Une fracture d’une partie de la jeunesse française concernant le rapport à la laïcité et aux religions
Les résultats de l’enquête montrent que dans son rapport à la religion, la jeunesse française se distingue –au moins en partie – des générations plus âgées. L’idée selon laquelle il faut respecter les religions afin de ne pas offenser les croyants est ainsi très largement ancrée au sein de cette génération (72%).

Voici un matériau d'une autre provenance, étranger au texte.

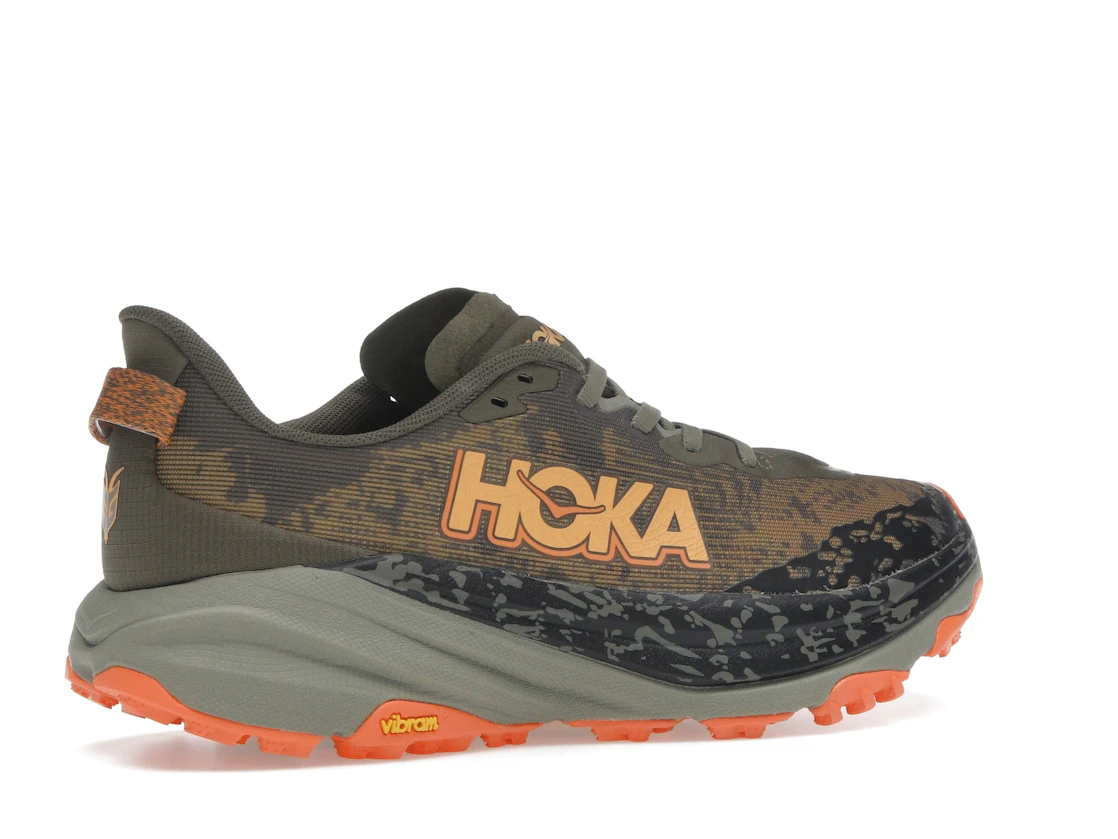 Hoka One One Speedgoat 6 Antique Olive Squash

Signe d’une sacralisation du fait religieux, les jeunes se montrent beaucoup plus partagés que leurs ainés concernant le caractère justifié d’une diffusion en classe de dessins caricaturant les religions (62% contre 78% au sein de l’ensemble de la population française).
Sur le plan du respect de la laïcité, les jeunes français sont nettement moins prompts à percevoir une dégradation : 63% estiment qu’elle est en danger en France, une proportion inférieure de 25 points à celle mesurée au sein de l’ensemble de la population française (87%).
En fait, dans la définition même qu’ils donnent de la laïcité, les jeunes se distinguent du reste de la population française. Ils estiment ainsi en premier lieu qu’il s’agit à travers la laïcité de mettre toutes les religions sur un pied d’égalité (27% contre 19%) et sont à l’inverse nettement moins nombreux à se reconnaitre dans l’idée d’une « laïcité de combat » visant à faire reculer l’influence des religions dans notre société (14% contre 26% pour l’ensemble de la population française).
La jeunesse française est partagée concernant l’adhésion à la loi de juillet 1981 sur la liberté de la presse
Corollaire d’une réticence à critiquer les religions, les 18-30 ans se montrent très partagés concernant la loi de juillet 1881 portant sur l’expression de critiques à l’encontre d’un symbole. Une courte majorité de jeunes s’y déclarent favorables (59%) contre à l’inverse 41% qui y sont opposés.
Près d’un jeune sur cinq ne condamne pas fermement l’assassin de Samuel Paty
L’assassinat de Samuel Paty est un évènement qui a très largement choqué (85%) et mis en colère (78%) les 18-30 ans. Pour autant, une part substantielle d’entre-eux se désolidarise de la démarche du professeur, voire ne condamne pas fermement l’assassin. 9% des sondés indiquent ainsi condamner l’auteur du meurtre mais partager certaines de ses motivations (9%), 5% ne le condamnent pas et 9% indiquent que cela les laisse indifférent.
Plus d’un jeune sur cinq estime par ailleurs que Samuel Paty a eu tort de montrer les caricatures car cela constituait une provocation inutile (22%). Une opinion qui est même partagée majoritairement par les jeunes musulmans (56%).
Enfin, relevons que 14% des jeunes estiment que derrière un objectif d’illustrer la liberté d’expression, cette initiative relevait en fait d’une démarche islamophobe (14%).